Task directions: Give the data back exactly. Leave out any images.

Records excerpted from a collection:

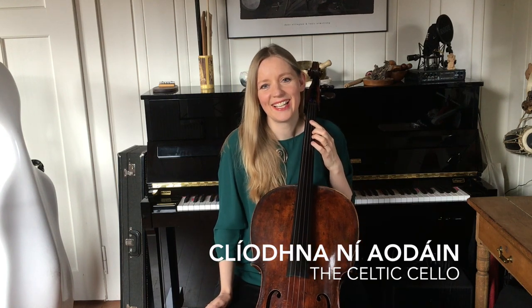Hi, I'm Cliona Niedon from the Celtic Cello. It's coming up to St Patrick's Day and I'd like to teach you how to create your own Celtic chick. I've recently been appointed Artistic Director of Music for People Europe, and Music for People in the States have asked me to create this video as a way of connecting the two organisations. So let's begin.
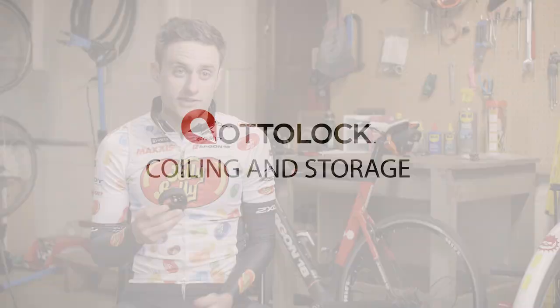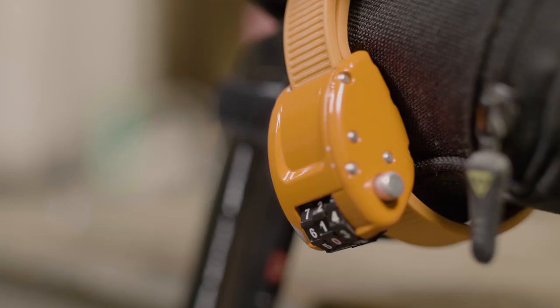My favorite way to carry Autolock is cinch tight around my saddle bag where it's really easy to access and it's always there for me.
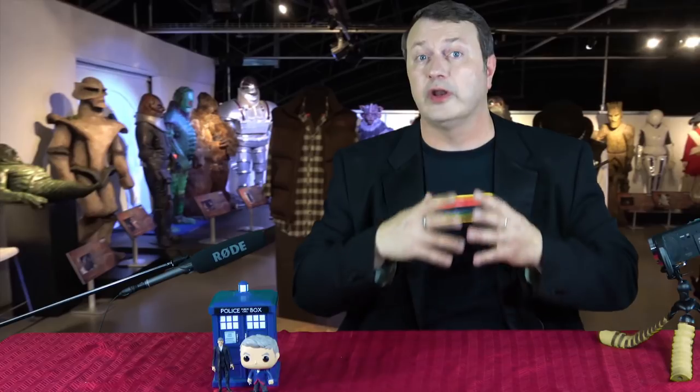Hey everybody, this is Captain Kyle and I am very happy to bring you a review of the 13th Doctor's Sonic Screwdriver. We're going to do an unboxing because I just got it. We're going to go over all the features, the bells, the whistles, and whatever other noises it might make. And we're going to do a comparison to some of the earlier Sonic Screwdrivers.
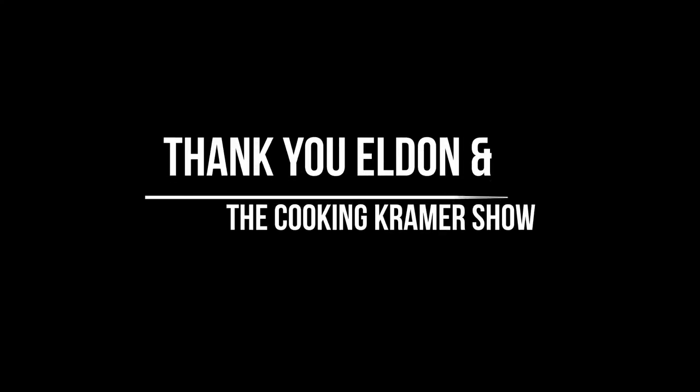Alden, you guys all take care — we're here, alright!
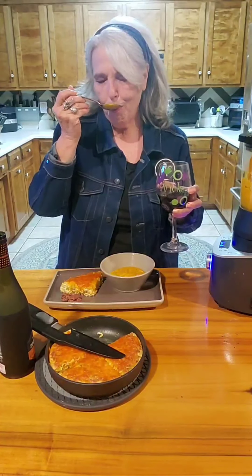Wow, that is so good! I hope you're enjoying your supper tonight. I know I will!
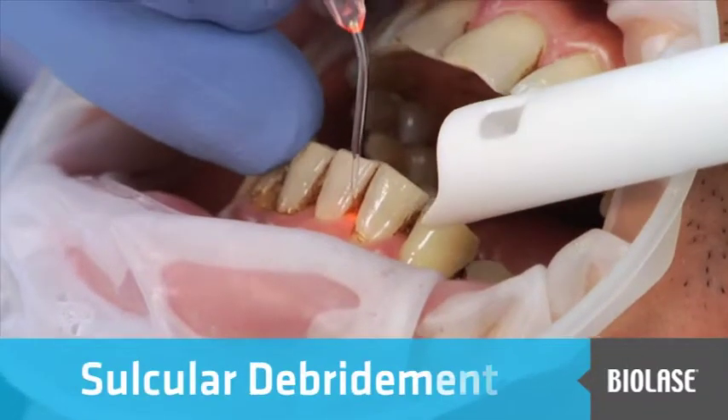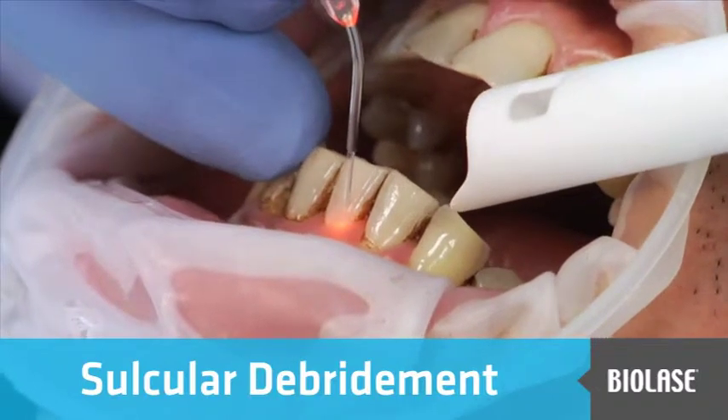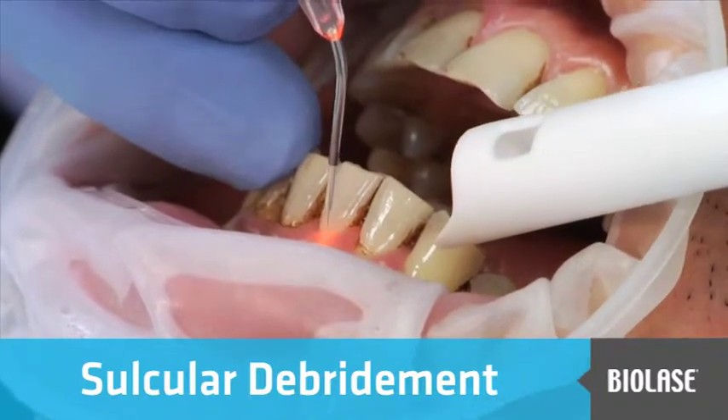Sulcular debridement is performed with the laser in the periodontal pocket setting. The most important technique tip in this case is to use a J-shaped motion.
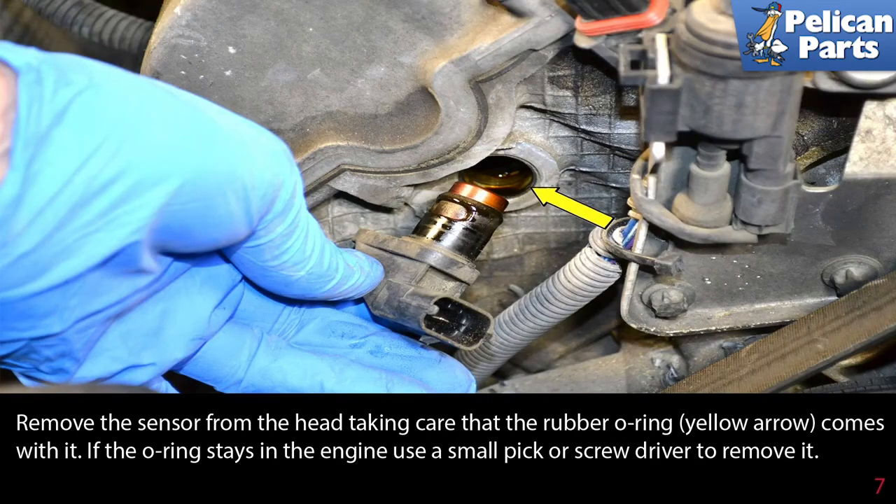Remove the sensor from the head, taking care that the rubber o-ring comes out with it. If the o-ring stays in the engine, use a small pick or screwdriver to remove it. Installation is the reverse of removal.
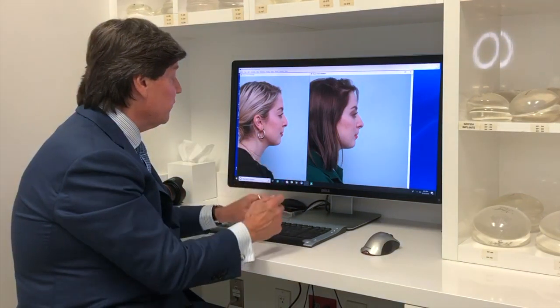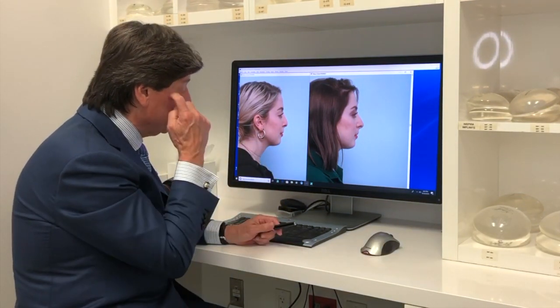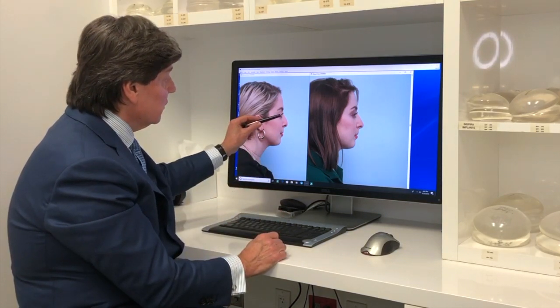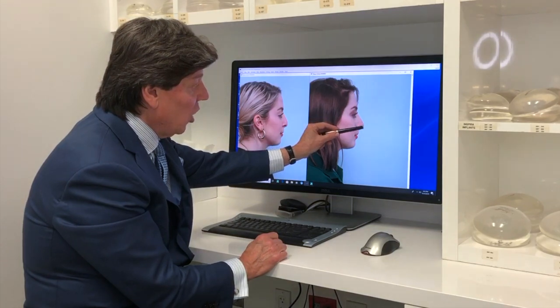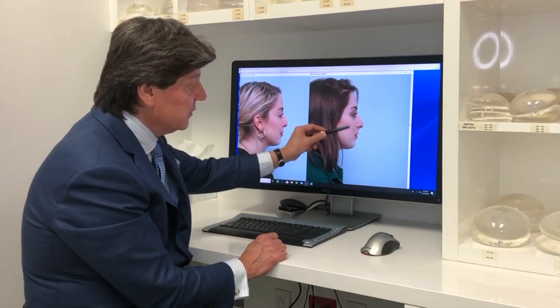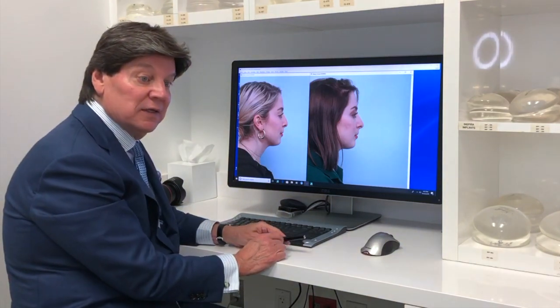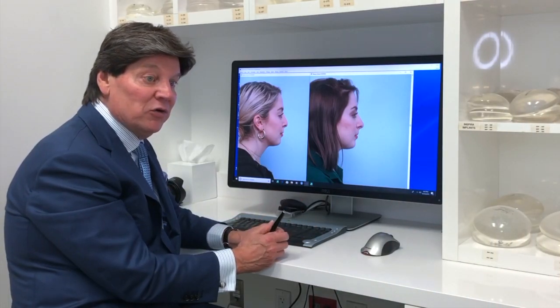Here are your before and after pictures from your non-surgical rhinoplasty that we did a couple of weeks ago. You can see that the tip of the nose has been elongated to give a better profile and a better balance of the nose to the face. This was achieved with just one syringe of filler, and it should last for about a year or so.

Your response:
Hi, I'm Cliona Niedon from the Celtic Cello. It's coming up to St Patrick's Day and I'd like to teach you how to create your own Celtic chick. I've recently been appointed Artistic Director of Music for People Europe, and Music for People in the States have asked me to create this video as a way of connecting the two organisations. So let's begin.
My favorite way to carry Autolock is cinch tight around my saddle bag where it's really easy to access and it's always there for me.
Hey everybody, this is Captain Kyle and I am very happy to bring you a review of the 13th Doctor's Sonic Screwdriver. We're going to do an unboxing because I just got it. We're going to go over all the features, the bells, the whistles, and whatever other noises it might make. And we're going to do a comparison to some of the earlier Sonic Screwdrivers.
Alden, you guys all take care — we're here, alright!
Wow, that is so good! I hope you're enjoying your supper tonight. I know I will!
Sulcular debridement is performed with the laser in the periodontal pocket setting. The most important technique tip in this case is to use a J-shaped motion.
Remove the sensor from the head, taking care that the rubber o-ring comes out with it. If the o-ring stays in the engine, use a small pick or screwdriver to remove it. Installation is the reverse of removal.
Here are your before and after pictures from your non-surgical rhinoplasty that we did a couple of weeks ago. You can see that the tip of the nose has been elongated to give a better profile and a better balance of the nose to the face. This was achieved with just one syringe of filler, and it should last for about a year or so.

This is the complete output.